- Born: 21 August 1941 (age 85) Phoolpur, Azamgarh, Uttar Pradesh
- Died: 12-06-2020
- Education: Banaras Hindu University
- Occupations: Poet, writer
- Writing career
- Notable awards: Mahapandit Rahul Sankrityayan Award

= Virendra Kumar Baranwal =

Hindi Poet

Virendra Kumar Baranwal (born 1941) is an Indian poet and writer. He was awarded by Mahapandit Rahul Sankrityayan Award in 2004 for his work Jinna: Ek Punardrishti.

==Personal life==
Baranwal was born on 21 September 1941 to Dayaram Baranwal and his wife Gayatri Devi in the village of Phoolpur in Azamgarh district in Uttar Pradesh. His father was a Freedom fighter. He acquired B.A., M.A. degrees from Banaras Hindu University. Further he did his LL.B. degree from Bhopal University.

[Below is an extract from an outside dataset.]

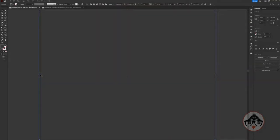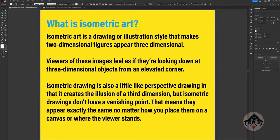Today I'm going to show you how we can actually create an isometric grid in Illustrator. But before I continue, I'm going to give you a little understanding of what isometric art is. Isometric art is a drawing or illustration style that makes two-dimensional figures appear three-dimensional.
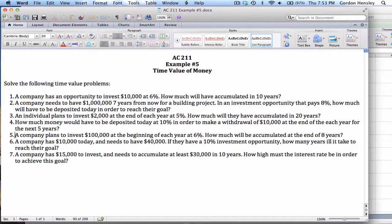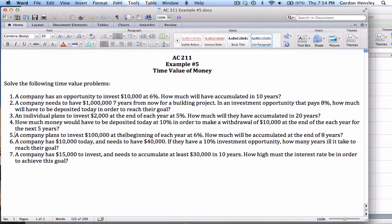Situation number five: a company plans to invest one hundred thousand dollars at the beginning of each year at six percent — how much will be accumulated at the end of eight years? The rate is six percent, the number of years is eight, and it's a future value problem. What makes this more difficult is that it says they invest at the beginning of each year. That's different — normally deposits are made at the end of the year. When payments are at the beginning of the year, this is a special type of annuity called an annuity due.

Baranwal retired from the post of Chief Commissioner of Income Tax in the Indian Revenue Service from 1969 to 2005, teaching English language and literature for a few years. Baranwal has a keen interest in Hindi, Urdu, English, Sanskrit and comparative literature as well as on literary literature, black and red Indian literature, and the discourse of Indian renaissance and freedom struggle.

==Published work==
Barnwal has published many works, but Jinna: Ek Punardrishti is his most well known.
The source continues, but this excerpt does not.